» Exercise requirements: Wherever the word "white" appears in a line below, that line counts; report the total number of such lines only.

Stored items from a collection
++++++
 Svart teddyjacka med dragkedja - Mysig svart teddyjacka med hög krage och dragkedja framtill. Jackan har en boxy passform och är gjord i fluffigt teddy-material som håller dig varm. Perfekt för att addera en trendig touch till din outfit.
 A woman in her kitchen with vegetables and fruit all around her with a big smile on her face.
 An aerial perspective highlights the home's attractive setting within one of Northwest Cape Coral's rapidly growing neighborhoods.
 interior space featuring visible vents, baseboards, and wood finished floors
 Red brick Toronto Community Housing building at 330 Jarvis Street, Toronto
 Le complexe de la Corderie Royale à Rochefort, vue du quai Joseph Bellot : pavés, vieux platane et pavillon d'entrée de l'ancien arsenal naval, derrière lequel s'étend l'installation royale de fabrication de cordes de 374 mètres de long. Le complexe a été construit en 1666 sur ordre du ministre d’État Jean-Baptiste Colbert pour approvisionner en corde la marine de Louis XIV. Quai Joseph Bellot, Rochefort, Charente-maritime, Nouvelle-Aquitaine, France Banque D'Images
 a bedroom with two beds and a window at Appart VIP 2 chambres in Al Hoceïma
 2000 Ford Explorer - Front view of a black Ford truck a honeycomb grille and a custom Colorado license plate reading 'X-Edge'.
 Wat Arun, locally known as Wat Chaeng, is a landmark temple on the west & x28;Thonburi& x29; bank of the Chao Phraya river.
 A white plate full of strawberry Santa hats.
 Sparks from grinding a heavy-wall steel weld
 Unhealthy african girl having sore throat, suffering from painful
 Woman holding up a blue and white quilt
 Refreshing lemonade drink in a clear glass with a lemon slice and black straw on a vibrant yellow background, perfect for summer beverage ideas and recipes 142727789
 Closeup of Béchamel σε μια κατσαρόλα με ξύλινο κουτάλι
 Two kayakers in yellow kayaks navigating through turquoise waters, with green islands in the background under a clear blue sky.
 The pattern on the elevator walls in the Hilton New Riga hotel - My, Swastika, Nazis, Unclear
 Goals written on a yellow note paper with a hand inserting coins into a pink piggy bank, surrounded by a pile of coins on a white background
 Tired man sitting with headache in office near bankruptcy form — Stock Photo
++++++
» Result: 3